Unicode codepoints

Saul Spatz · Jun 22, 2011

Hi,

I'm just starting to learn a bit about Unicode. I want to be able to read autf-8 encoded file, and print out the codepoints it encodes. After many false starts, here's a script that seems to work, but it strikes me as awfully awkward and unpythonic. Have you a better way?

def codePoints(s):
''' return a list of the Unicode codepoints in the string s '''
answer = []
skip = False
for k, c in enumerate(s):
if skip:
skip = False
answer.append(ord(s[k-1:k+1]))
continue
if not 0xd800 <= ord(c) <= 0xdfff:
answer.append(ord(c))
else:
skip = True
return answer

if __name__ == '__main__':
s = open('test.txt', encoding = 'utf8', errors = 'replace').read()
code = codePoints(s)
for c in code:
print('U+'+hex(c)[2:])

Thanks for any help you can give me.

Saul

Chris Angelico · Jun 22, 2011

Hi,

I'm just starting to learn a bit about Unicode. I want to be able to reada utf-8 encoded file, and print out the codepoints it encodes. After many false starts, here's a script that seems to work, but it strikes me as awfully awkward and unpythonic. Have you a better way?
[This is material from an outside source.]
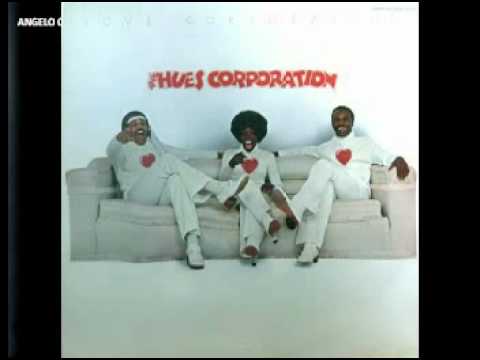 HE'S MY HOME - THE HUES CORPORATION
Once you have your data as a Unicode string (and you seem to be using
Python 3, so 's' will be a Unicode string), wouldn't a list of its
codepoints simply be this?

for c in s:
print('U+'+hex(ord(c))[2:])

But if you do need the codePoints() function, I'd do it as a generator.

def codePoints(s):
''' return a list of the Unicode codepoints in the string s '''
skip = False
for k, c in enumerate(s):
if skip:
skip = False
yield ord(s[k-1:k+1])
continue
if not 0xd800 <= ord(c) <= 0xdfff:
yield ord(c)
else:
skip = True

Your main function doesn't even have to change - it's iterating over
the list, so it may as well iterate over the generator instead.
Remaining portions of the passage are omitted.